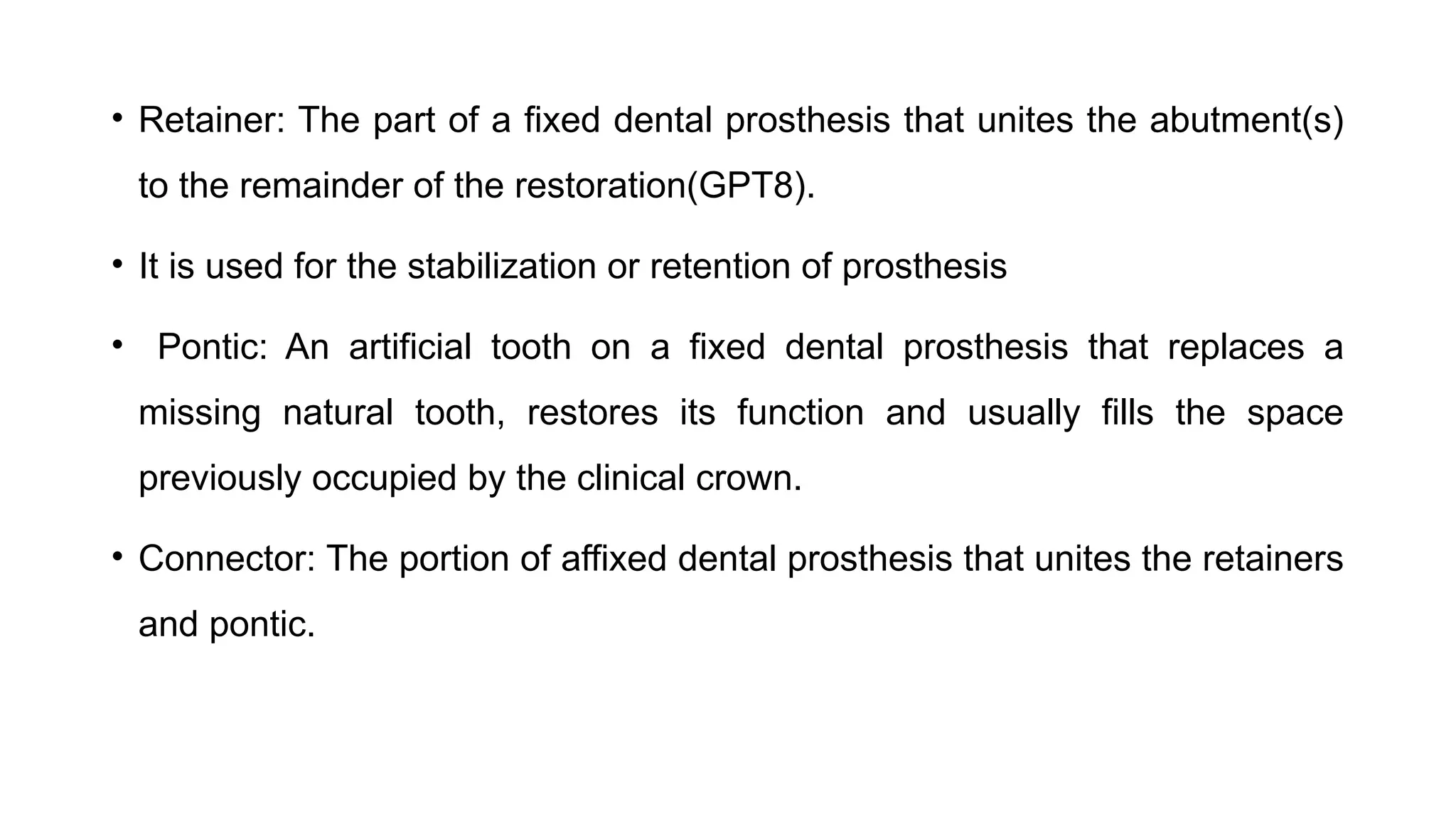 • Retainer: The part of a fixed dental prosthesis that unites the abutment(s)
to the remainder of the restoration(GPT8).
• It is used for the stabilization or retention of prosthesis
• Pontic: An artificial tooth on a fixed dental prosthesis that replaces a
missing natural tooth, restores its function and usually fills the space
previously occupied by the clinical crown.
• Connector: The portion of affixed dental prosthesis that unites the retainers
and pontic.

- - -

Return the lines above exactly; the images are not part of the copy.

 • Retainer: The part of a fixed dental prosthesis that unites the abutment(s)
to the remainder of the restoration(GPT8).
• It is used for the stabilization or retention of prosthesis
• Pontic: An artificial tooth on a fixed dental prosthesis that replaces a
missing natural tooth, restores its function and usually fills the space
previously occupied by the clinical crown.
• Connector: The portion of affixed dental prosthesis that unites the retainers
and pontic.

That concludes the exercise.